Am Dienstag setzten im Rathaus von Aachen, Nordrhein-Westfalen, Kanzlerin Angela Merkel und Präsident Emmanuel Macron wie schon ihre Vorgänger eine Unterschrift unter ein deutsch-französisches Bekenntnis. Dieses soll mehr sein als ein Vertrag zu mehr Zusammenarbeit in Wirtschafts-, Verteidigungs- und Europapolitik. Laut Merkel will man damit eine Antwort beider Länder auf erstarkenden Populismus und Nationalismus geben. Kurz: In Zeiten, in denen Präsidenten wie Donald Trump kaum etwas für die EU übrig haben und Länder wie Großbritannien sie verlassen, wollen Deutschland und Frankreich wieder Motor sein. Oder wie Macron sagte: Die beiden Länder müssten in Europa „den Weg weisen“.
Das hat das deutsch-französische Tandem in der Geschichte mal mehr, mal weniger erfolgreich geschafft. Helmut Schmidt und Valéry Giscard d'Estaing galten als Architekten der EU, Helmut Kohl und Francois Mitterrand initiierten die Währungsunion mit.
Schwieriger Start
Welche Akzente Merkel und Macron abseits von Bekenntnissen noch setzen werden, ist ungewiss. Ihr Start war jedenfalls schwierig. Als Macron einst seine Reformideen zur Neugestaltung der EU verkündete, verhallte dies zunächst. Im Berliner Kanzleramt wurde er zwar mit warmen Worten empfangen, aber ohne konkrete Antworten, etwa zur Eurozone, wieder verabschiedet. Merkel war nach den Wahlen mit einer zähen Regierungsbildung beschäftigt, im Sommer 2018 folgte der Streit zwischen CDU und CSU. Dieser ist zwar beigelegt, doch die Koalition weiter unberechenbar und Merkels Kanzlerschaft mit einem Ablaufdatum versehen. Und auch Macron ist innenpolitisch in Bedrängnis geraten, hat mit dem Protest der Gelbwesten-Anhänger im ganzen Land zu tun. Und da wären auch noch die Rechtspopulisten um Marine Le Pen. Sie machen derzeit zusammen mit den deutschen Rechten Stimmung gegen den neuen Freundschaftsvertrag und stellen irreführende Behauptungen auf. Doch auf den 16 Seiten finden sich weder der Abtritt Elsass’ an Deutschland, noch der direkte Zugriff auf deutsches Steuergeld durch Macron, wie die AfD suggeriert.
Dafür will man gegenseitige Anerkennung von Schulabschlüssen, deutsch-französische Studiengänge, einen gemeinsamen Wirtschaftsraum.
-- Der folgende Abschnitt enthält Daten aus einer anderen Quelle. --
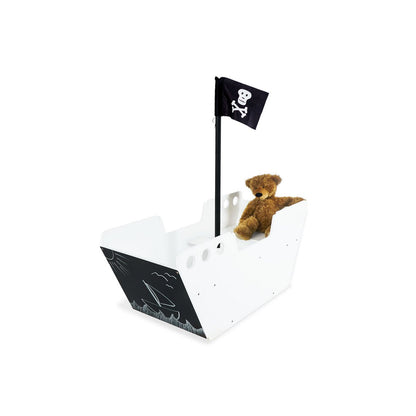 Play boat with Pirate flag 'Hoppetosse' - White/Black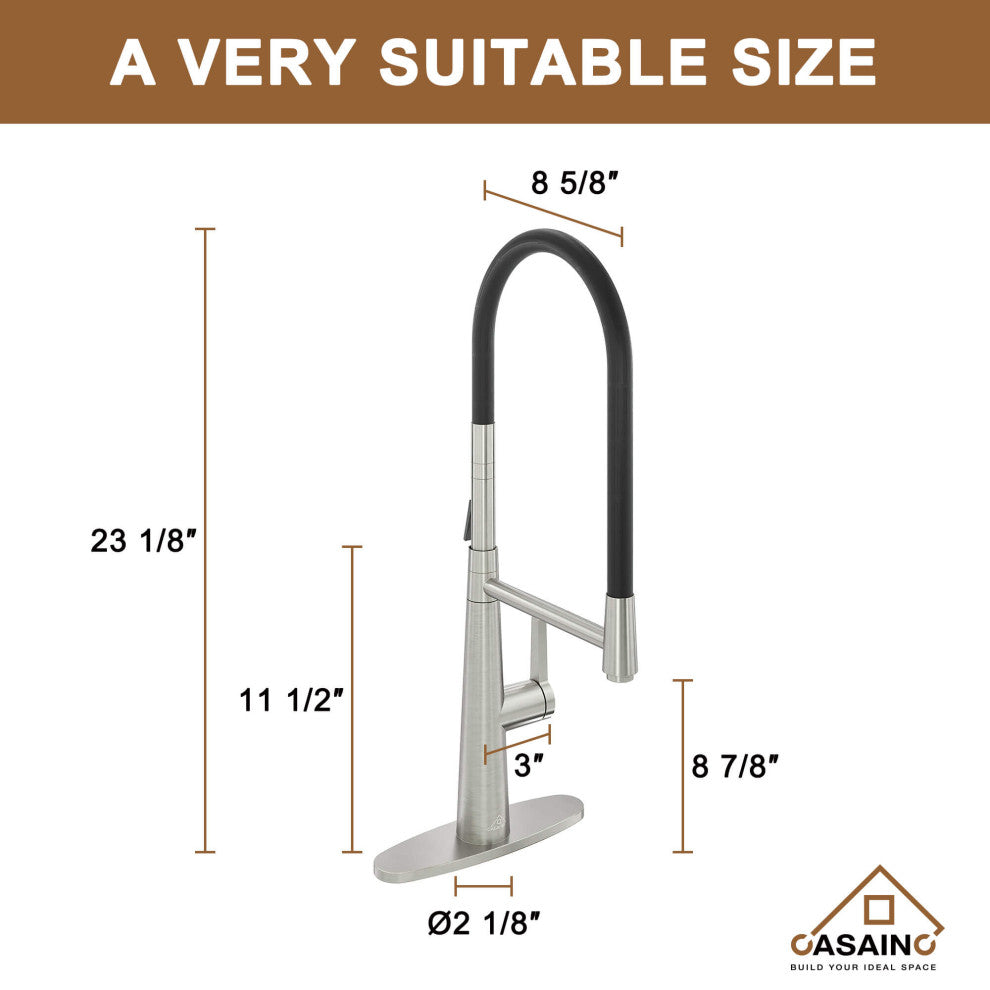 Single-Handle Standard Kitchen Faucet with Fast Mount and Deck Plate, Brushed Nickel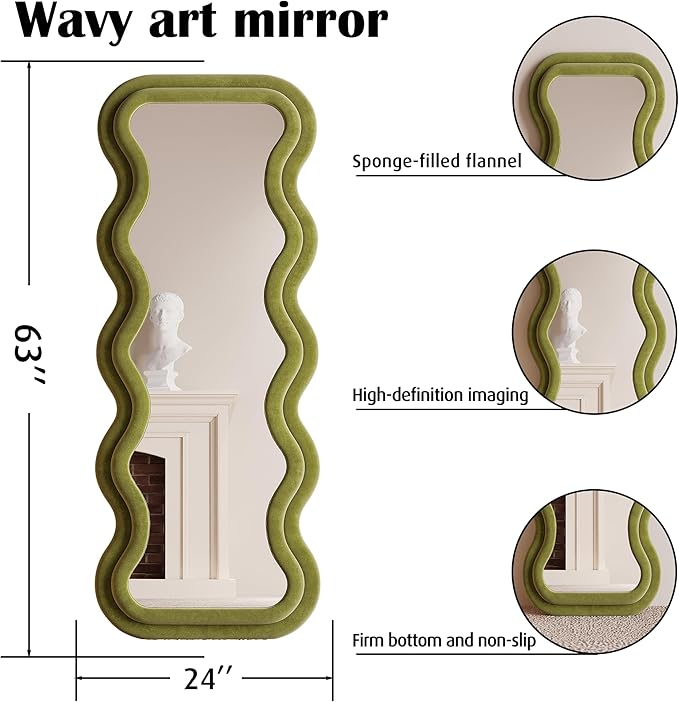 BOJOY Full Length Mirror 63"x24", Irregular Wavy Mirror, Arched Floor Mirror, Wall Mirror Standing Hanging or Leaning Against Wall for Bedroom, Flannel Wrapped Wooden Frame Mirror -Green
Heikel wird es bei der gemeinsamen Sicherheits- und Außenpolitik: Künftig will man sich bei Rüstungsprojekten abstimmen. Der Mordfall um den Journalisten Jamal Khashoggi zeigte, wie schwierig das in der Praxis werden könnte: Während Deutschland seine Waffenexporte nach Saudi-Arabien stoppte, lieferte Frankreich weiter. Auch in Aachen betonte Macron, dass er daran festhalten werde und argumentierte, dass Saudi-Arabien ein strategischer Partner gegen den Terror sei. In dieser Bewertung sei man sich einig, so Merkel, forderte aber eine Annäherung bei beiden Themen. „Wir können uns nicht bei jeder Exportfrage über jede Schraube in die Haare kriegen.“
Dass manche Zusammenarbeit einen langen Atem braucht, zeigte sich auch bei Konrad Adenauer und Charles de Gaulle, den Unterzeichnern des Élysée-Vertrags. 100 Stunden sollen sie miteinander über die Jahre hinweg gesprochen, 40 Briefe gewechselt und sich 15 Mal getroffen haben.